The first key note was presented by bit.ly - for them there are four dimensions to data analytics:
- Timeliness: There must be realtime access, or at least streaming access to incoming data.
- Storage must provide the means to efficiently store, access, query and operate on data.
- Education as there is no clear path to becoming a data scientist today.
- Imagination to come up with new interesting ways to look at existing data.
Storing shortened urls for bit.ly there really are three views on their data: The very personal intrinsic preferences expressed in your participation in the network. The neighborhood view taking into account your friends and accquaintances. Finally there is the global view that allows for drawing conclusion on a very large global scale - a way to find out what's happening world wide just by looking at log data.
In contrast to all digital bit.ly Thomson Reuters comes with a very different background - though acting on a global scale distributing news world wide there lots of manual intervention is still asked for to come up with high quality, clean, curated data. In addition their clients focus on very low latency to be able to act on new incoming news at the stock market.
For traditional media providers it is very important to bring news together with context and users: Knowing who users are and where they live may result in delivering better service with more focussed information. However he sees a huge gap between what is possible with today's web2.0 applications and what is still in common practice in large corporate environments: Social networking sites tend to gather data implicitly without clearly telling users what is collected and for which purpose. In corporate environments though it was (and still is) common practice to come up with general compliance rules that target protecting data privacy and insulating corporate networks from public ones.
Focussing on cautious and explicit data mining might help these environments to benefit from cost savings and targeted information publishing to the corporate environment as well.
Mythology of big data
Each technology caries in itself the seeds for self destruction - same is true for Hadoop and friends: The code is about to start turning into commodity itself. As a result the real value lies in the data it processes and the knowledge about how to combine existing tools to solve 80% of your data analytics problems.
The myth really lies in the lonely hacker sitting in front of his laptop solving the world's data analysis problems. Instead analytics is all about communication and learning from those who stored and generated the data. Only they are able to tell more on business cases as well as the context of the data. Only domain knowledge can help solve real problems.
In the past data emerged from being the product, into being a by-product, to being an asset in the past decade. Nowadays it is turning into a substrate for developing better applications. There is no need for huge data sets for turning data into a basis for better applications. In the end it boils down to using data to re-vamp your organisation's decisions from being horse trading, gut-check based decisions to scientific, data backed informed decisions.
Amazon - Werner Vogels
For amazon, big data means that storing, collecting, analyzing and processing the data are hard to do. Being able to do so currently is a competitive advantage. In contrast to BI where questions drove the way data was stored and collected today infrastructure is cheap enough to creatively come up with new analytics questions based on available data.

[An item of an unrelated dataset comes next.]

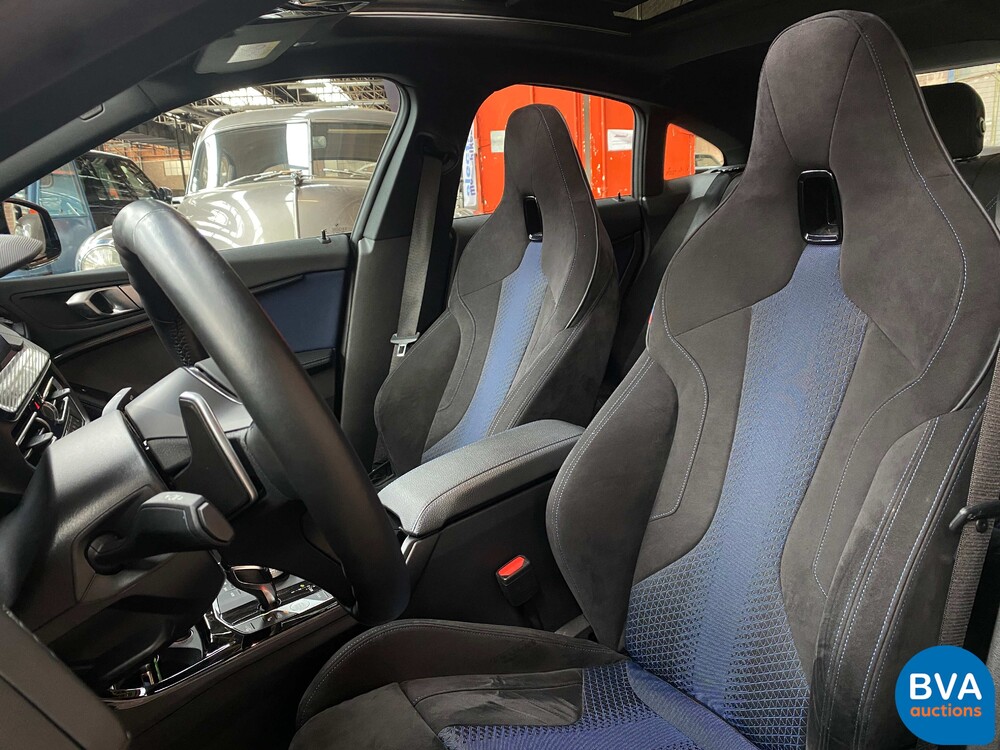 BMW M235i xDrive Gran Coupe M-Sport 2-serie 306pk 2020 -Org. NL-, J-701-LL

- Collecting data goes from a streaming model to daily imports even to batch imports - never under estimate the bandwidth of FedEx. There even is a FedEx import at Amazon.

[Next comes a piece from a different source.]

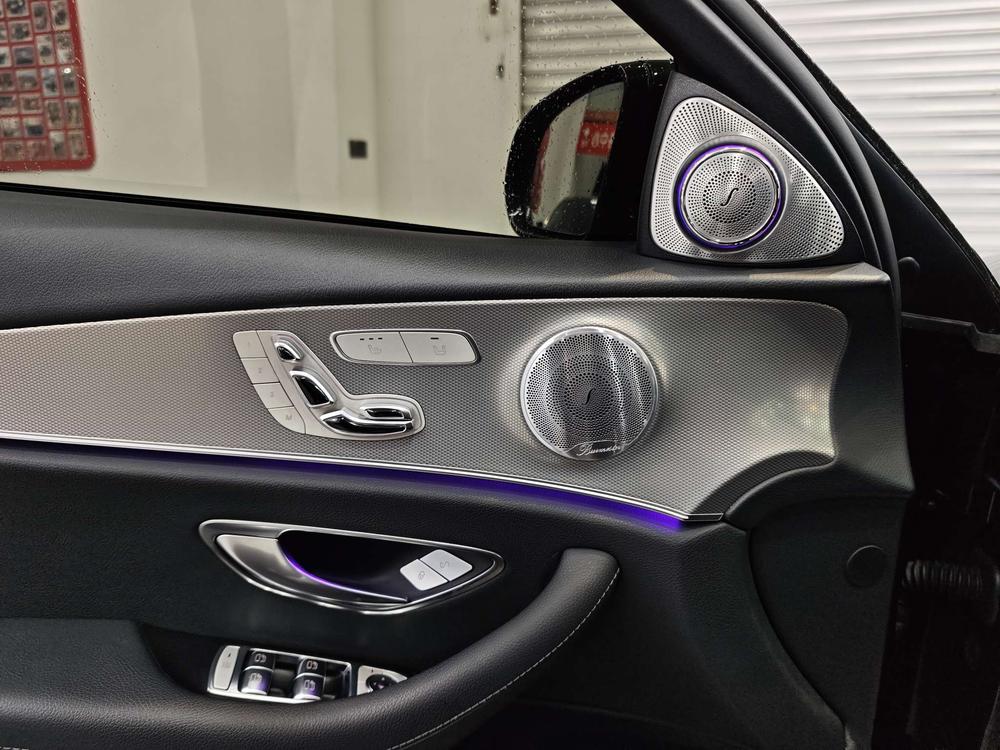 Mercedes-Benz Mercedes-Benz E-Class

- Never under estimate the need for increased storage capacity. Storage on AWS can be increased dynamically.
- When organizing data keep data quality and manual cleansing in mind - there is a mechanical turk offering for that at AWS.
- For Analysis Map Reduce currently is the obvious choice - AWS offeres elastic map reduce for that.

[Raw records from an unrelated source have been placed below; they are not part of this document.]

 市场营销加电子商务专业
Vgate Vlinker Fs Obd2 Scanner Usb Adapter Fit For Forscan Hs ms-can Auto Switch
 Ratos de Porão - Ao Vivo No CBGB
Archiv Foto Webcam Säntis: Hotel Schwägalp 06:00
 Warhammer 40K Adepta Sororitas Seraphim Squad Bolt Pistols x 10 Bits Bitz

- The trend goes more and more to sharing analysis results via public APIs to enable customers down stream to reuse data and provide added value on top of it.
Microsoft Azure data market place
Microsoft used their keynote to announce the Azure Data Marketplace - a place to make data available for easy use and trading. To deal with data today you have to find it, license it from its original owner - which incurs overhead negotiating licensing terms.
The goal of Microsoft is to provide a one click stop shop for data that provides a unified and discoverable interface to data. They work with providers to ensure cleanup and curation. In turn providers get a marketplace for trading data. It will be possible to visualize data before purchase to avoid buying what you do not know. There is a subscription model that allows for constant updates, has cleared licensing issues. There are consistant APIs to data that can be incorporated by solution partners to provide better integration and analysis support.
At the very end the Heritage health prize was announced - a 3 million data mining competition open for participation starting next April.